After training I was selected to go to Electrical school [in Norfolk, Virginia] which lasted nine months. I tied for first place on graduating, and was transferred to the USS Whitney, a destroyer repair ship then in Newport, Rhode Island. Stayed on there long enough to make 3rd Class Petty Officer, which paid $60 a month. For my exam the division officer asked me if I knew how to make coffee and when I replied in the affirmative “Yes Sir,” I was promoted. But I was told that to make 2nd class I would have to learn to make moonshine corn whiskey.

Sailors smeared with engine grease, during the Line Crossing ceremony on the USS Augusta, 1934.

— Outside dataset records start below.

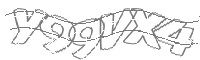 Check code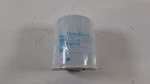 Donaldson P502143 Fuel Filter Spin-on. Fixed Price $10.99.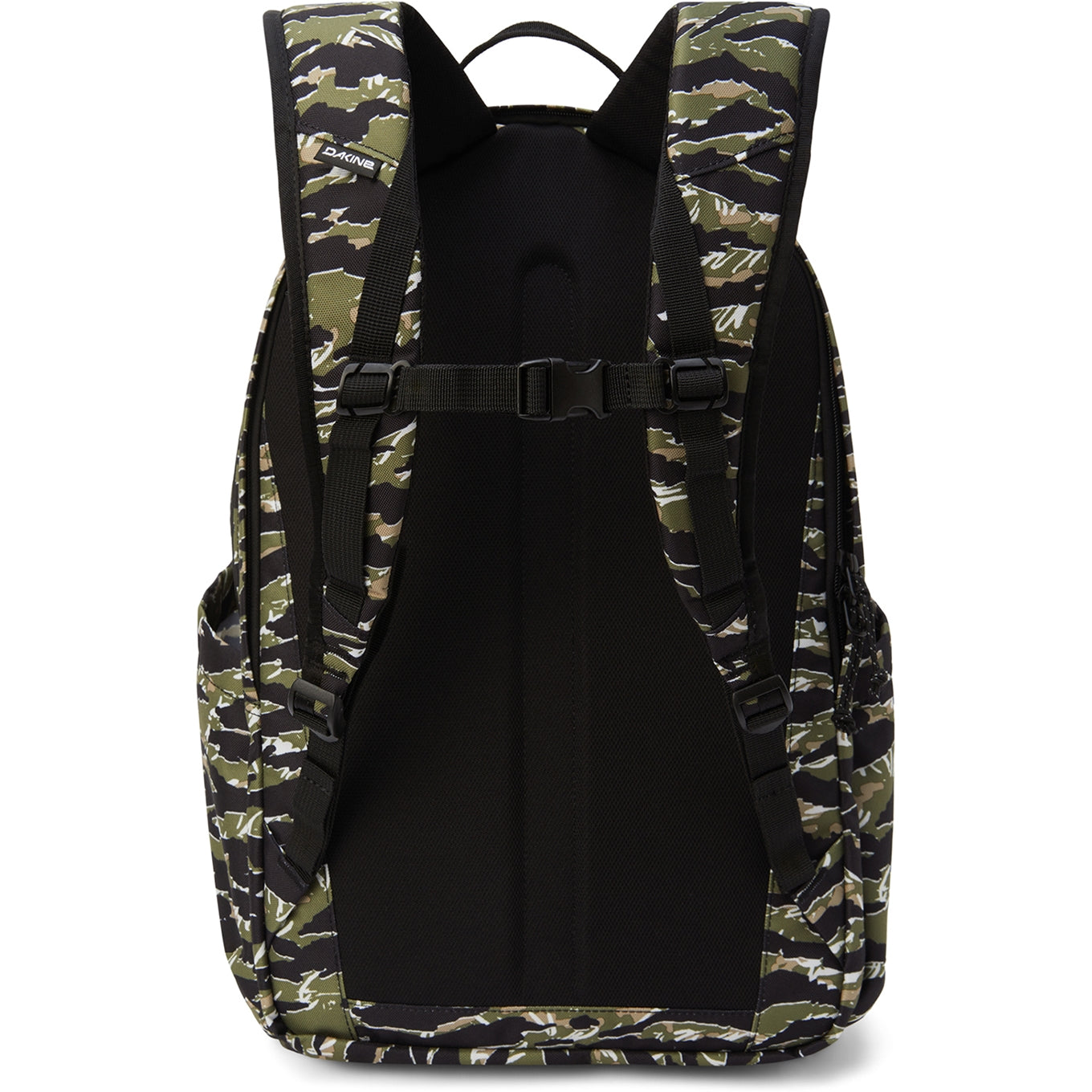 Dakine Method Backpack 25L tiger camo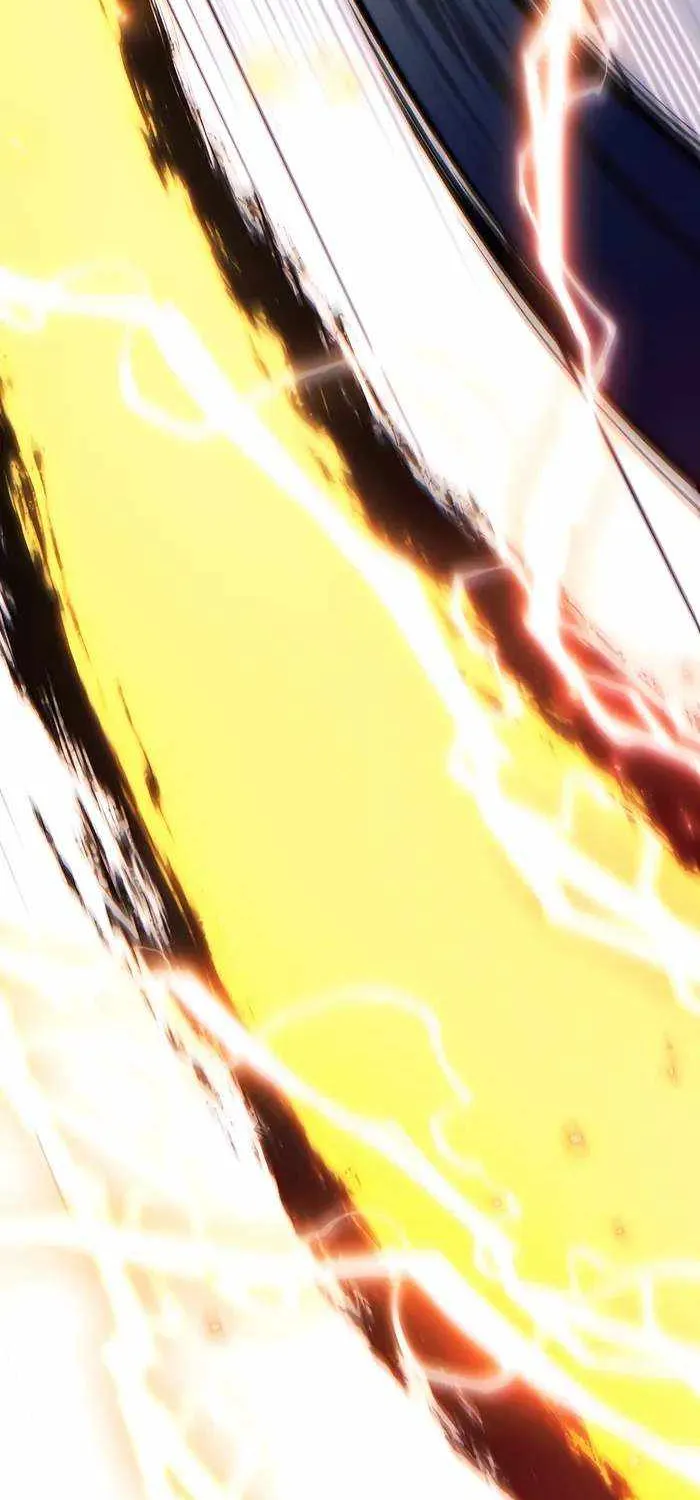 A Modern Man Who Got Transmigrated Into the Murim World Chapter 99 page 7 -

Line Crossing on the USS Augusta in 1934. Note the sailors dressed as surgeons, ready to shave the body hair off the unfortunate Poliwogs. 

In his own words…

Spent a rough three months in training, learning how to tie knots, drill, shoot a gun, [sleep in a hammock,]  signal, and most important of all, how to say “Yes Sir” and “No Sir.” And to take a bath and handwash our clothes every day. [I] remember once when on inspection  someone was found with dirty clothes and had to dump all of his clothes on the ground and all 53 of us were made to walk over them before he washed them all. Very rough on punishment then. If one did something wrong all were punished. 

Line Crossing on the USS Augusta. Note the sailor at center, prodded to kneel before the court by a devil’s trident.  

King Neptune’s Court assembled on board the USS Augusta. 1934.

Above is a scene from Harry Caldwell’s Line Crossing on the USS Marblehead in 1925. The photo shows a makeshift swimming pool, constructed of braced timbers and lined with sailcloth. At center, a Poliwog has been strapped to a dunking board for equatorial baptism, somewhat akin to waterboarding.  

Line Crossing ceremony on the USS Augusta, 1934.

Note the sailors in grass skirts in the foreground. Also of interest is the sailor dressed as a devil, at center right.

In his own words…

I arrived in Portsmouth, Virginia, after a long train ride; then a ferry ride and a long streetcar ride to the Naval base in Hampton Roads, Virginia, tired and hungry. The following morning I looked out to see the entire Atlantic Fleet anchored out in the bay; quite a sight to a landlubber. Not the fleet of today: there were no carriers for planes. All were WWI ships: some coal burners, even a ship with a mast for dirigibles to tie up to. Most all ships anchored out then; there were not many docks to tie up to. There were still a few sailing ships operating but none in the Navy that I knew of.